El enfoque dialéctico de este autor nos coloca en una posición que favorece el pluralismo y la democracia porque considera que el valor surge de la unidad indisoluble del sujeto y el objeto. Esa relación no es ahistórica, por el contrario siempre es concreta, singular; se da en un tiempo y en un espacio determinados. Refiriéndose al campo del arte, Sánchez Vázquez (1992b) alude la situación estética en la que se realiza esa unidad sujeto-objeto (p. 105). Con base en esta idea y considerando al valor en general, he denominado “situación axiológica” a aquella en la que se da la relación y mutua dependencia entre el elemento subjetivo del valor –la preferencia- y el elemento objetivo –una cualidad o propiedad objetiva. El valor está sustentado en ciertas propiedades reales que no son valiosas por sí mismas, pero que llegan a ser valiosas cuando un sujeto las pone en relación consigo mismo, con sus intereses y necesidades. En palabras de Sánchez Vázquez (1979) “el valor no lo poseen los objetos de por sí, sino que éstos lo adquieren gracias a su relación con el hombre como ser social. Pero los objetos, a su vez, sólo pueden ser valiosos cuando están dotados efectivamente de ciertas propiedades objetivas” (p. 118).
Una consecuencia que de aquí se deriva es que el valor existe idealmente en la situación axiológica, pero sólo puede existir realmente cuando media la praxis. Es el ser humano –dice Sánchez Vázquez (1979)- como ser histórico social y con su actividad práctica el que crea los valores y los bienes en que se encarnan, al margen de los cuales sólo existen como proyectos u objetos ideales (p. 123).
Entre valores y moral hay también una estrecha relación pues la preferencia y la realización del valor forman parte de la estructura del acto moral. En efecto, según este autor, los elementos que dan estructura al acto moral son: a) el motivo (aquello que impulsa a actuar o perseguir un fin); b) la conciencia del fin que se persigue (anticipación ideal del resultado por alcanzar); c) la elección de un fin entre otros (lo cual implica ponderar los valores de los distintos fines y determinar que uno de ellos es preferible a los demás, es decir, es más valioso que los otros); d) la decisión de realizarlo (la voluntad de hacer efectivo el acto, asumiendo las consecuencias que tendría el realizarlo), y d) la realización del acto moral (el empleo de los medios adecuados para hacer el resultado efectivo, con sus respectivas consecuencias) (S.V.[3], 1979, 66-68).
La moral es algo más que preferencias y realización de valores.
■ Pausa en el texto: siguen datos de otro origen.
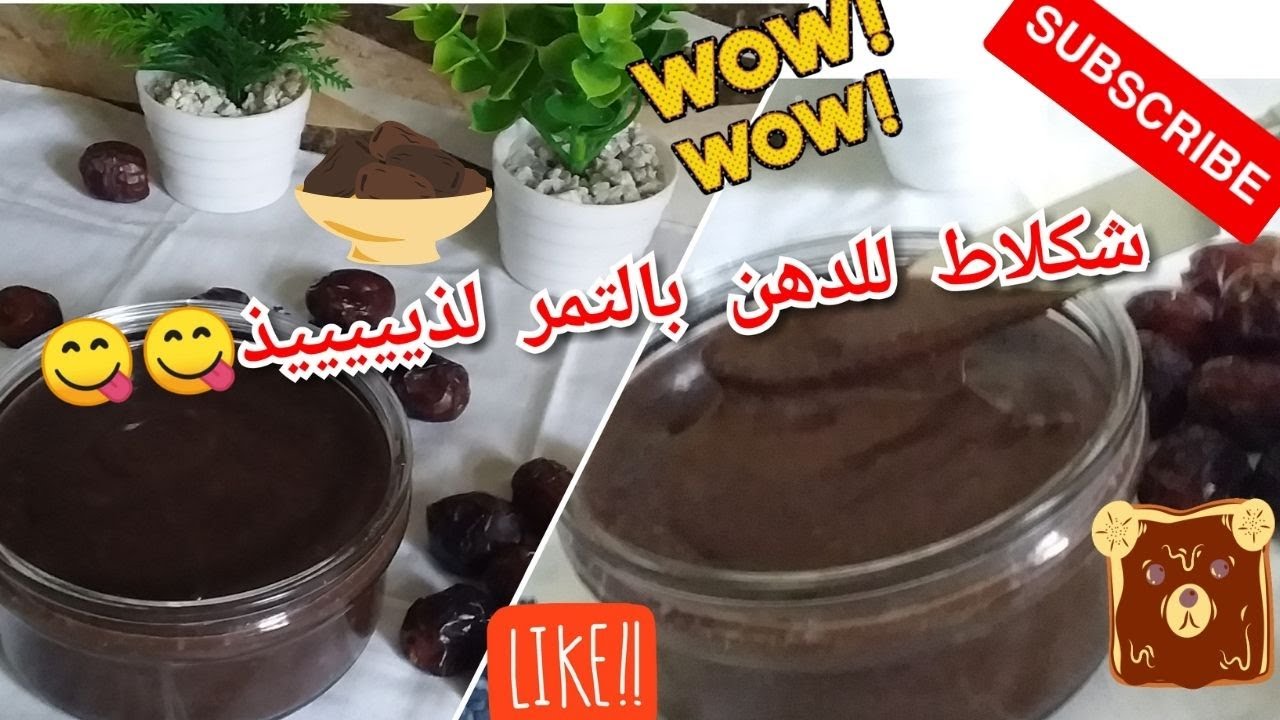 🍫شكلاط للدهن بالتمر سهل سريع وصحي 4K🍫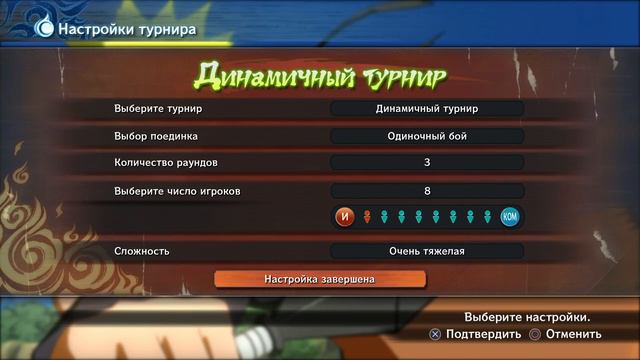 Хината в купальнике - Naruto Shippuden: Ultimate Ninja Storm 4 (Hinata Swimsuit)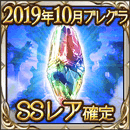 2019年10月前半SSレア確定ガチャチケットs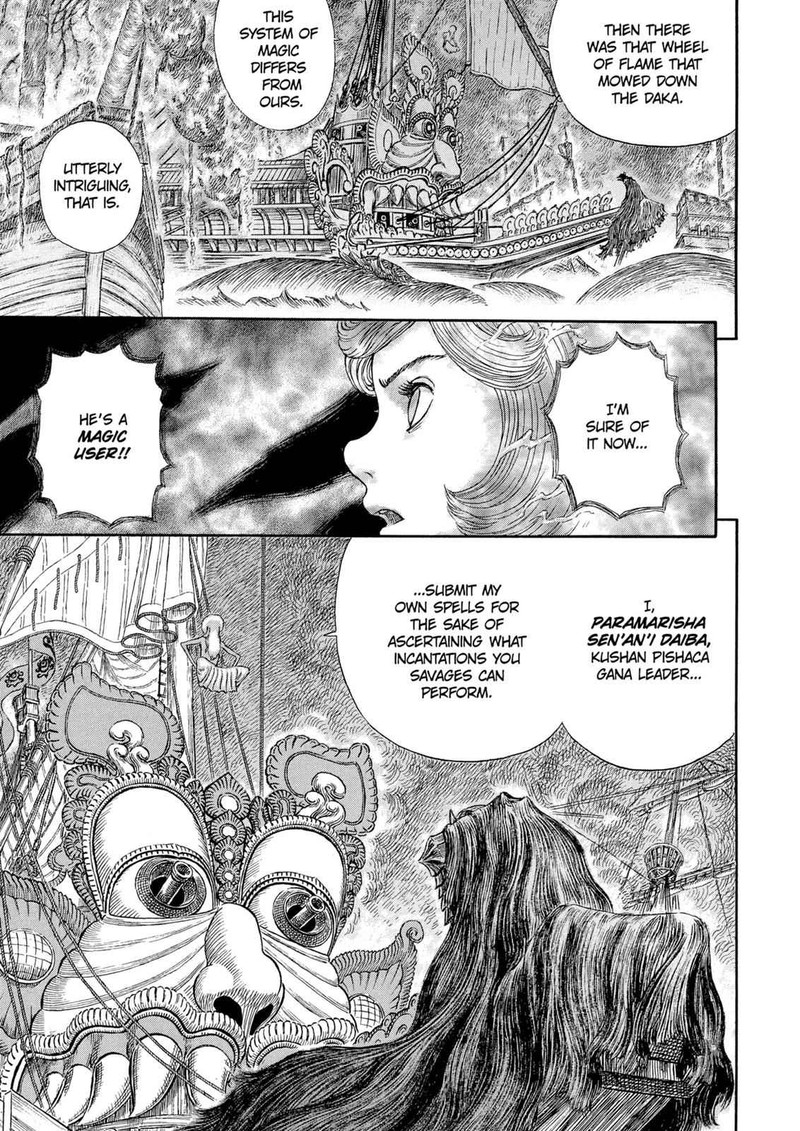 Berserk Chapter 270 Page 18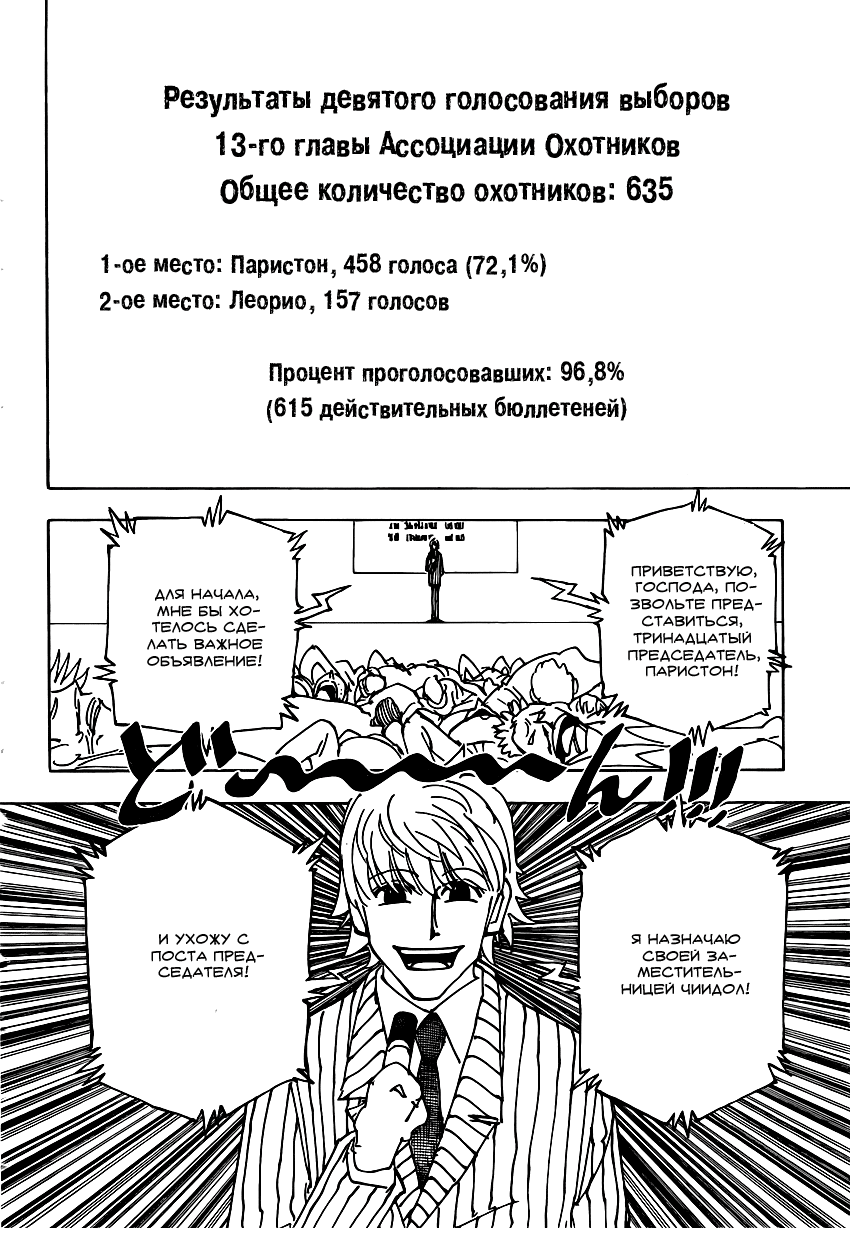 Страница 15 главы 335 манги Охотник х Охотник / Hunter x Hunter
En la perspectiva de Sánchez Vázquez (1979), la moral surge cuando el ser humano forma parte de una colectividad (p. 33). Consiste en un conjunto de normas y reglas de acción destinadas a regular las relaciones de los individuos en una comunidad social dada (p. 35) e implica no sólo el conjunto de principios, valores y prescripciones que se aceptan como válidos (dimensión normativa), sino también los actos concretos que se realizan conforme a esas normas, principios y valores (dimensión fáctica) (p. 57). Además de estas dimensiones que señala expresamente este autor, podemos inferir otra que hace referencia a la “aceptación libre y consciente de esas normas” (p. 55) y que podemos llamar “dimensión personal”.
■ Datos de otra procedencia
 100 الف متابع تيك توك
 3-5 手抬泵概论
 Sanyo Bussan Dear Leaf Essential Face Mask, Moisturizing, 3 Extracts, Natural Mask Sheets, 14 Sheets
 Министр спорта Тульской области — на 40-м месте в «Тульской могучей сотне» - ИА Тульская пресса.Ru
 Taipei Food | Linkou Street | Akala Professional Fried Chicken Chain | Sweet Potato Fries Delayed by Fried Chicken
De esas distinciones se derivan algunos aspectos que es indispensable atender en la educación valoral, cuando se trabaja desde una perspectiva dialéctica. Por una parte, hay que considerar el conjunto de prescripciones y valores o ideas de la vida buena (sintetizadas en el término “eticidad”) que por la vía de la socialización y la enculturación se traspasan de una generación a otra (Yurén, 1995); por otra, hay que atender a los procedimientos en virtud de los cuales un sujeto pondera valores y construye principios conforme a los cuales juzga normas y se adhiere o no a ellas. Además, es indispensable estimular el desarrollo de la capacidad práctica del sujeto para realizar los valores que ha considerado preferibles y para actuar conforme a las normas y principios a los que se ha adherido. En suma, una educación valoral de corte dialéctico debe atender a la eticidad que se internaliza y a los procedimientos de juicio moral,[4] pero sobre todo, a la capacidad práxica del agente moral. Esto último es especialmente importante en un momento como el actual en el que, como dice Bauman (2002), los sujetos han perdido capacidad de agencia por efecto de la lógica instrumental que se impone en todos los órdenes de la vida.

De la actuación moral a la actuación política
La obra de Sánchez Vázquez permite también superar una posición que no por frecuente en el ámbito de la educación valoral deja de contradecir la función de esta forma de educación. Me refiero al hecho de ignorar que en sociedades en las que se ejercen diversas formas de dominación, explotación y exclusión, las cuestiones morales son también cuestiones políticas en la medida en la que las normas, los principios y valores prevalecientes suelen justificar la dominación o el ejercicio del poder de unos sujetos sobre otros. Este velo que suele desplegarse para ocultar la dominación hace inaceptable lo que, en cambio, resulta deseable desde una perspectiva dialéctica: que la actuación moral se traduzca en actuación política para reivindicar derechos individuales y sociales.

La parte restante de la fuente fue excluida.